### Your goal
The reply should contain all the data below, repeated exactly, and none of the images.

** Material for this task follows **

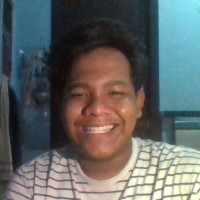 Fauzi Rahman Akbar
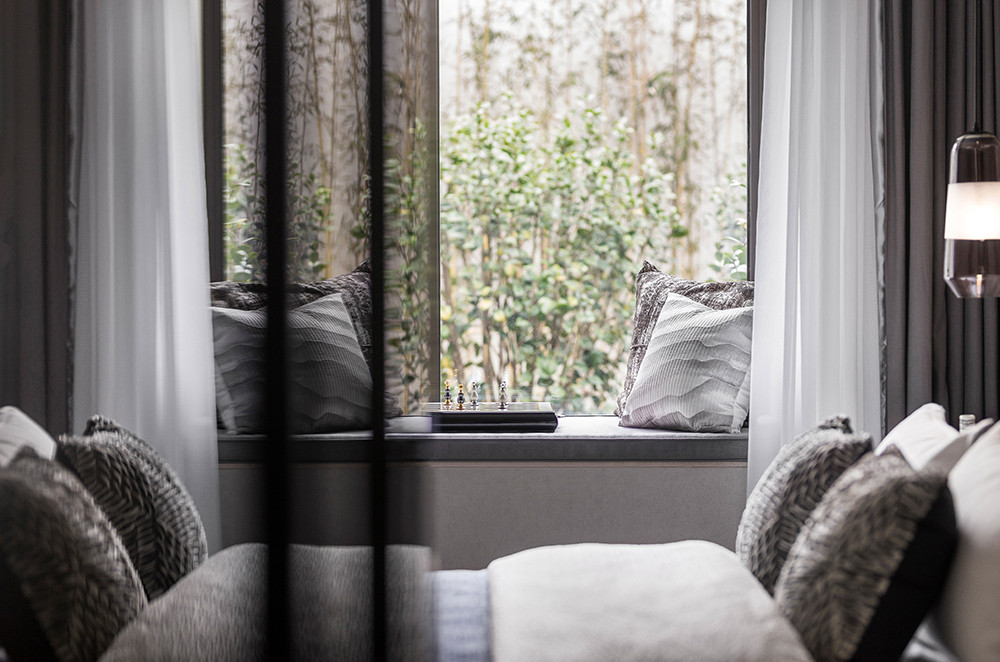 华润万象府洋房122户型 11.jpg 华润万象府洋房122户型 11.jpg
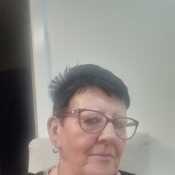 janine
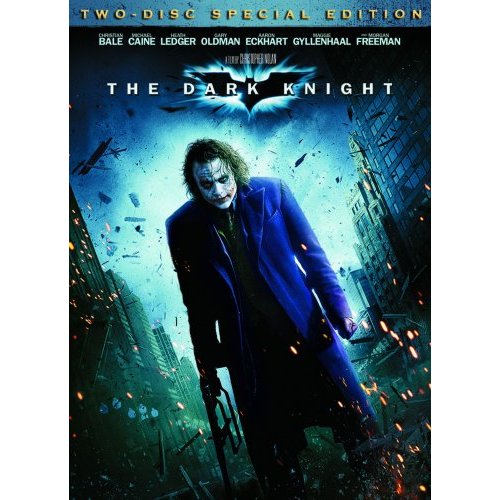 tdk-dvd.jpg 500500 58K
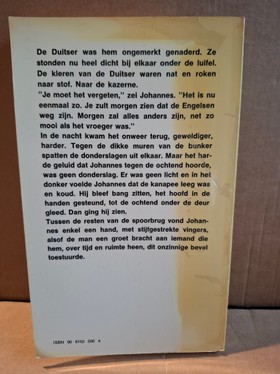 bookImage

** End of Material for this task **

### Answer for this exercise
 Fauzi Rahman Akbar
 华润万象府洋房122户型 11.jpg 华润万象府洋房122户型 11.jpg
 janine
 tdk-dvd.jpg 500500 58K
 bookImage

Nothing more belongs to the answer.